Anthropic a confirmé mercredi la création d’une équipe interne de conception de puces dédiées à ses modèles Claude, une décision qui propulse le créateur de chatbot dans la même arène que Google, Amazon et les géants du cloud qui, depuis des années déjà, dessinent leur propre silicium pour s’affranchir de la dépendance à Nvidia. L’annonce, qui valide une exclusivité Reuters datant d’avril, ne relève pas du caprice d’ingénieur ni du communiqué cosmétique. Elle traduit une réalité physique, presque organique, de l’industrie de l’intelligence artificielle en 2026 : la demande en puces dépasse si violemment l’offre (le vrai goulot d’étranglement n’étant pas le GPU mais la donnée) qu’aucun fournisseur unique, fût-il le tout-puissant Nvidia, ne peut rassasier l’appétit des modèles de fondation.

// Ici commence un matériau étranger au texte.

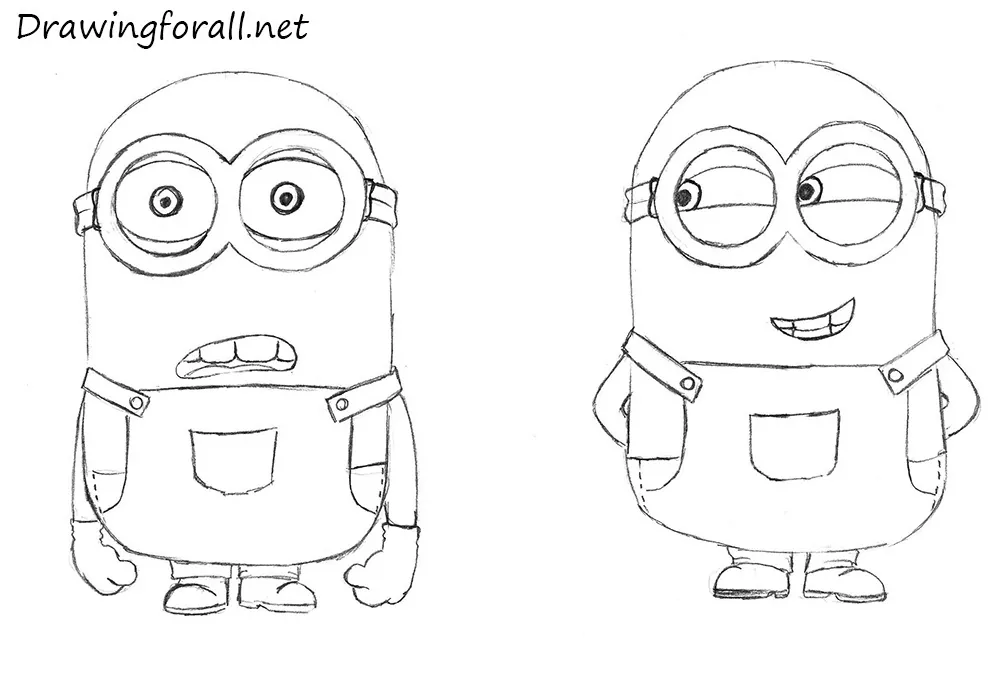 Learn How to Draw Kevin from Minions (Minions) Step by Step : Drawing  Tutorials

La startup de San Francisco, valorisée à plusieurs dizaines de milliards de dollars, recrute désormais des ingénieurs capables de co-concevoir matériel et logiciel afin d’optimiser la vitesse et l’efficacité énergétique de Claude. L’objectif affiché n’est pas de rompre avec ses partenaires historiques (Nvidia, AMD, AWS, Google Cloud), mais d’ajouter une corde à un arc qui, manifestement, ne tire plus assez vite. Anthropic parle d’une « stratégie multi-puces », un euphémisme élégant pour dire qu’elle veut garder un pied chez tout le monde… tout en posant les fondations de sa propre souveraineté computationnelle.
Pourquoi cette urgence ? Les GPU Blackwell de Nvidia restent notoirement difficiles à obtenir alors que les hyperscalers continuent d’engloutir des milliards dans leurs centres de données. Et la génération suivante, baptisée Vera Rubin, s’annonce encore plus vertigineuse côté tarifs, avec un prix unitaire avoisinant 55 000 dollars par processeur graphique. Un rack NVL72 complet (72 GPU) coûterait entre 7,8 et 9,1 millions de dollars, avant même d’y raccorder le réseau et l’infrastructure de refroidissement. À ce niveau de dépense, concevoir sa propre puce n’est plus un luxe, c’est un calcul de survie économique.
Le paradoxe, savoureux, mérite qu’on s’y attarde. Au moment même où Anthropic annonce vouloir réduire sa dépendance au silicium de Jensen Huang, ses modèles Claude viennent d’être rendus disponibles sur Microsoft Azure, propulsés par les tout nouveaux GPU GB300 Blackwell Ultra de Nvidia, avec réseau InfiniBand Quantum-X800. Cette disponibilité générale dans Microsoft Foundry permet aux entreprises de déployer des agents autonomes spécialisés, capables d’exécuter des tâches complexes dans des environnements gouvernés. Nvidia et Anthropic intègrent même leurs outils respectifs pour offrir aux développeurs des « compétences d’agent vérifiées ». On ne divorce pas, on prépare un contrat de mariage parallèle.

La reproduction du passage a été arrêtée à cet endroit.